In presenting its findings, the commission published a picture of babies wrapped in blankets and strapped into seats on an airliner in 1984, with the title “Children sent abroad like luggage”.
It noted South Korean adoption agencies complied with foreign agencies’ demands to send a set number of children each month.
Postwar adoptions
The devastation of the Korean War in the early 1950s led to overseas adoption programs for biracial Korean babies fathered by Western soldiers. This quickly grew to “exporting the full-Korean infants” who were in “abundant supply,” according to internal Canadian government correspondence obtained by CBC.
The commission said the South Korean government had neglected its responsibility to provide oversight and block “misconduct by adoption agencies” such as fraudulent orphan registrations, identity tampering, and inadequate vetting of adoptive parents.
Adoption agencies did not receive proper consent for adoption, falsified documents to present babies as orphans when they had known parents, and when some babies died before they were sent overseas, other babies were sent in their names, the commission said.
“For nearly 50 years following the Korean War, the government prioritized intercountry adoption as a cost-effective alternative to strengthening domestic child welfare policies,” the commission said.
Investigating since 2020
The independent commission was set up by a revised act of parliament in 2020, with the ruling and opposition parties each naming four people to make up the eight members sitting under a chairperson named by the president.
The office of South Korea’s acting president could not be immediately reached for comment on its report.
After decades of believing they were orphans, several Korean Canadians have learned that their birth parents may still be alive. CBC’s Priscilla Ki Sun Hwang helps uncover how they got here and why some say Canada ignored evidence of botched adoption paperwork.

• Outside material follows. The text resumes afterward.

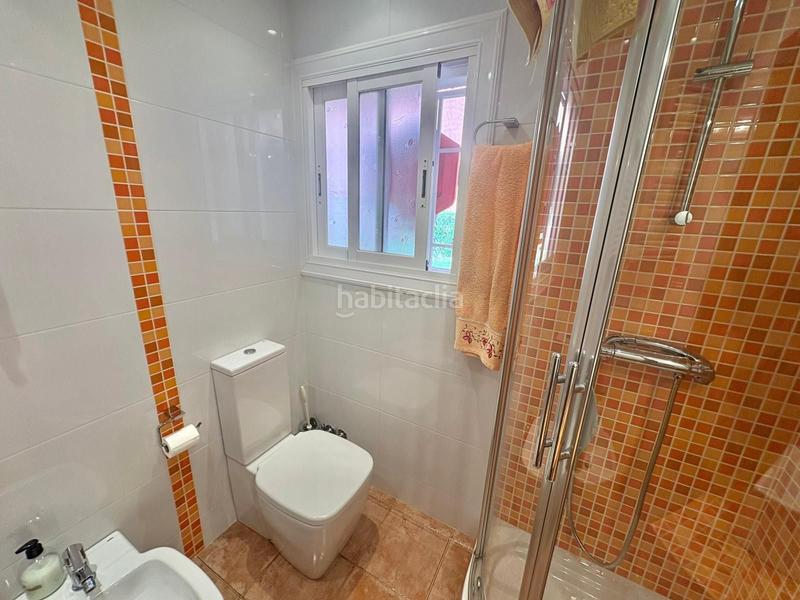 Foto 36209d8b-c4f8-480c-8efc-20a22df6a102. Casa amb calefacció aparcament piscina a Montmar Castelldefels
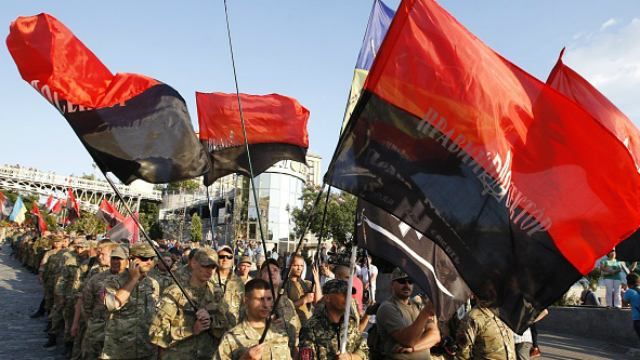 ДУК "Правий сектор" є незаконним збройним формуванням, — Матіос ДУК "Правий сектор" є незаконним збройним формуванням, — Матіос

Besides recommending an official apology, the commission also called for a comprehensive survey on adoptees’ citizenship status and any corresponding policy measures, remedies for victims whose identities were falsified, prompt ratification of the Hague Adoption Convention, and to ensure a commitment from adoption agencies to restore adoptees’ rights.
“These violations should never have occurred,” said Park Sun-young, chairperson of the commission. “We must come together-adoptive countries and adoptees alike-to address the identity crises many adoptees face.”